We cannot have everything placed in our hands. We must pursue our dreams. There have been countless inspiring and successful photographers who have built a reputation for themselves, and you could be the next.
Let us now look at the history of digital photography. An Iraqi scientist invented the earliest camera in recorded history, known as the camera obscura, in the early 11th century. The first surviving photograph was taken in 1826 by a Frenchman called Thomas Nicéphore Niépce, who used a portable camera obscura to capture the iconic image known as "View from the Window at Le Gras (Mueller, 2021)."
It would be nearly 150 years after Niépce's photograph before digital cameras were invented. During that time, the field of photography progressed and evolved, transitioning from a highly technical profession that required substantial training to master to something that anybody with the correct tools could accomplish anywhere. Digital photography took this a step further, enhancing the craft for pros while also making high-quality images available to the general public.
So, how did we arrive here?
It doesn't take a rocket scientist to capture stunning digital photographs, but it did take one to get us here. Eugene F. Lally of NASA's Jet Propulsion Laboratory pioneered digital photography in 1961 by attempting to convert light signals so that astronauts could take clearer photos and better determine their position in space.
At the time, and for many decades after, photography was done on film, which was an efficient procedure but did not provide the immediate results that Lally desired. Unfortunately for Lally, the first filmless camera would not be produced for another fifteen years, but his early speculations aided in its development, particularly the idea of utilizing photo sensors instead of film to capture photos.
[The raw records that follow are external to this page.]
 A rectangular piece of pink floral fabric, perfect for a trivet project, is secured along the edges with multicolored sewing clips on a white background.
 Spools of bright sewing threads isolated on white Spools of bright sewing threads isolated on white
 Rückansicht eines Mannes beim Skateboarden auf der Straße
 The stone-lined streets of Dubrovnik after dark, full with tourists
There were a number of further improvements in digital photography in the years that followed, but prior to the introduction of the digital camera, many were also directly tied to enhancing space photography.
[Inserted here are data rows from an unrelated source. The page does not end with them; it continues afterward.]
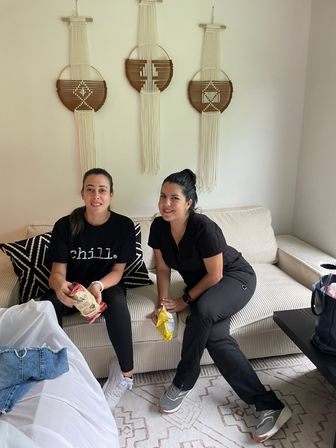 Two women sitting on a beige sofa in a cozy living room, wearing casual black outfits and sneakers and snacking from chip bags; geometric throw pillow and three macramé wall hangings decorate the neutral wall.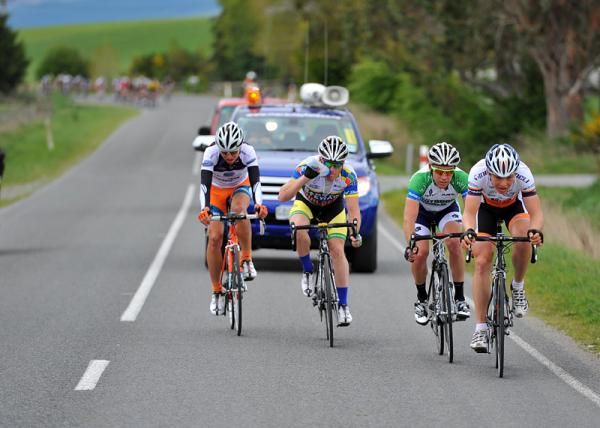 The four remaining riders in the break are about to be caught with 20km remaining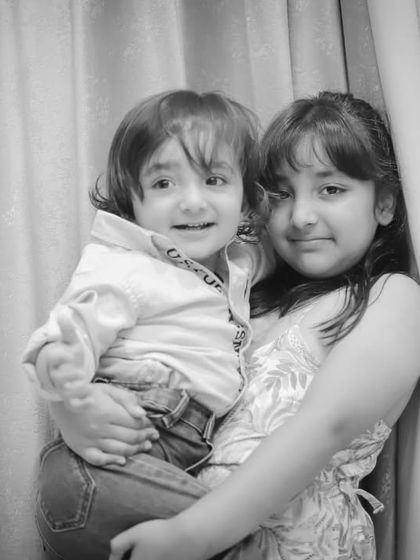 A classic black and white portrait of a big sister holding her little brother, a timeless keepsake of their bond.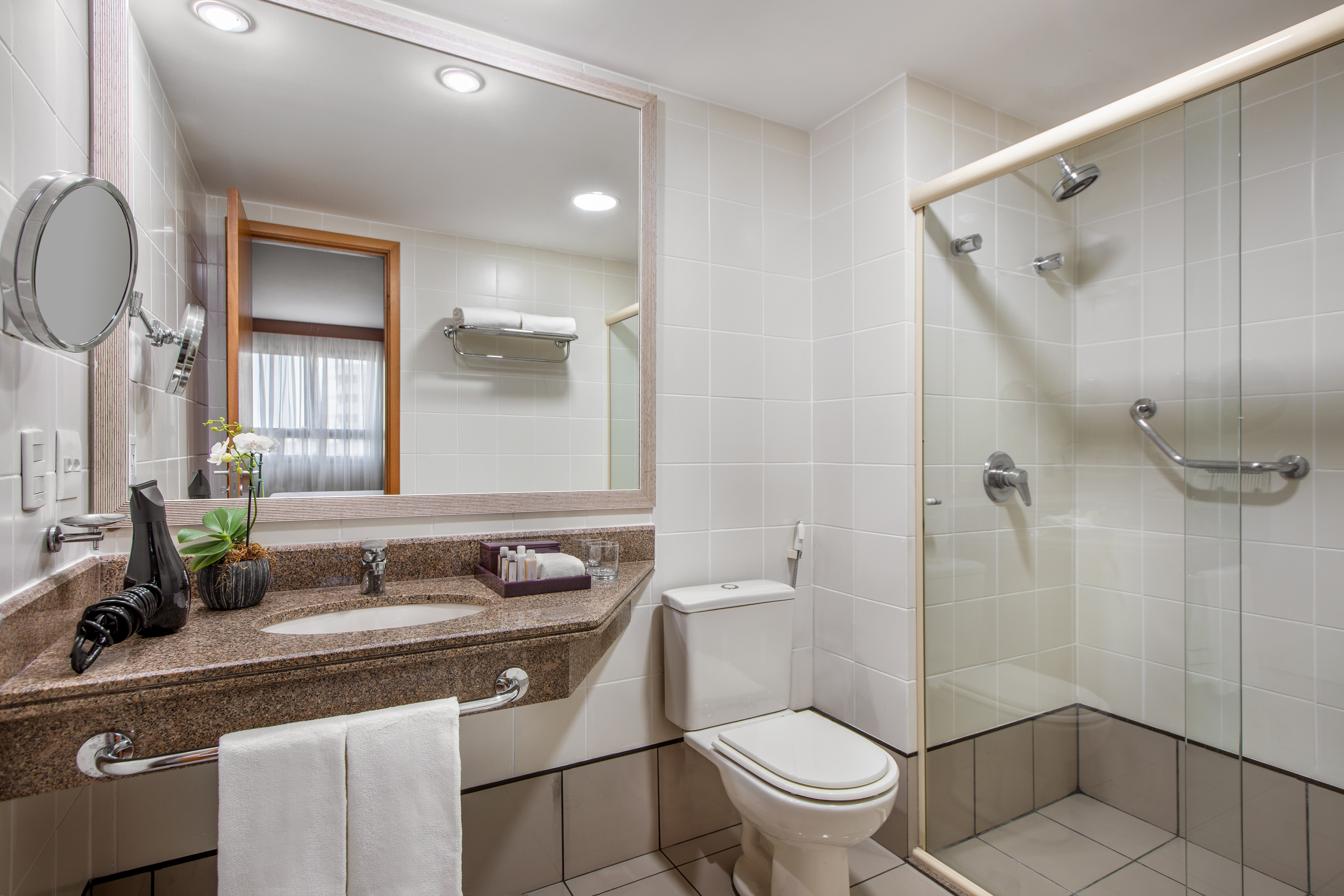 Modern hotel bathroom with granite vanity, sink, mirror, toilet, and glass shower.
The history of digital photography cannot thus be traced back to a single year or a single development. Instead, digital images are the result of many experts working over many years toward comparable goals. And we can thank them all for digital photography in its current form, even if most of us aren't utilizing it to position ourselves among the stars.
All this digital photography hype, and we haven't even gotten to the first digital camera. The digital camera breakthrough transformed not only space photography, but also the entire field of photography. The inventor of the digital camera came from a firm that you may expect to see mentioned here: Kodak.
Steven Sasson, an Eastman Kodak engineer, invented the digital camera in December 1975. The first digital camera, weighing nearly nine pounds and measuring roughly the size of a regular printer, wasn't precisely the physical prototype for the cameras we see today, at least not from the outside. It was, however, a breakthrough piece of technology, employing CCD chips—which are still used as image sensors today—and a whopping sixteen batteries to allow the user to create digital photographs.